Evidently he was already classing us together! And called after me; one knows what that means in the case of rich uncles.

"Oh, I had forgotten," I replied ingenuously. "Robert Barridge Troves?"

"No; only Robert," he admitted. "I was only referring to that."

"Ah! not Barridge, I thought," I said conclusively. So Bobbie was left on my hands for that delightfully indefinite period referred to as "a few weeks." "You won't find him a nuisance, I am sure," his father had said on leaving. "He has a unique gift of effacing himself completely; and I daresay that you can make him useful in your laboratory." I daresay, but the idea of giving a young ruffian the run of my most expensive instruments did not attract me. Why, the maid servants are never allowed to pass inside the door, and when the most careful Willet cleans the room up once a week it is only under my immediate eye. Nevertheless, I took him up, and standing with him by the door I pointed out the remarkable convenience of all the arrangements and the many delicate and costly instrumerits. Somewhat to my surprise he knew the names of most of these, and even had a crude idea of their uses.
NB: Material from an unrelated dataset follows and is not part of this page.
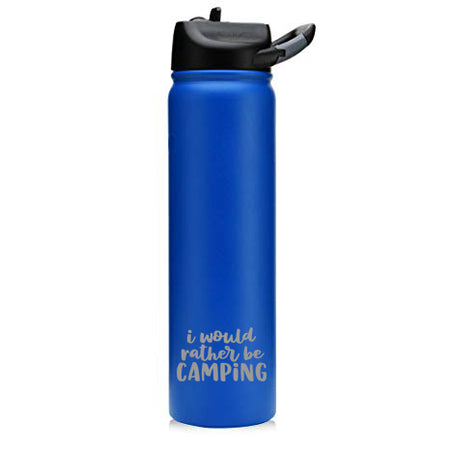 I Would Rather Be Camping - Engraved 27oz SIC Water Bottle - Blue Matte - Sunny Box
He was wonderfully like what Henry used to be at the same age, as I discovered more and more; also, it struck me next, curiously like some young animal—yes, an intelligent young dog. He had a way of coming quite close to one's side and looking up to see the expression as though it meant more than spoken words. He stood like that now at the door of my laboratory, so near that he pressed unconsciously against me until I moved away a little. As I spoke he watched my face, the emotions changing his own as openly as the clouds passing before the sun. It would not have required a great effort to imagine him whining or pricking up his ears, and when at last I turned to go he followed me like a hungry but obedient animal slowly retiring from a butcher's shop.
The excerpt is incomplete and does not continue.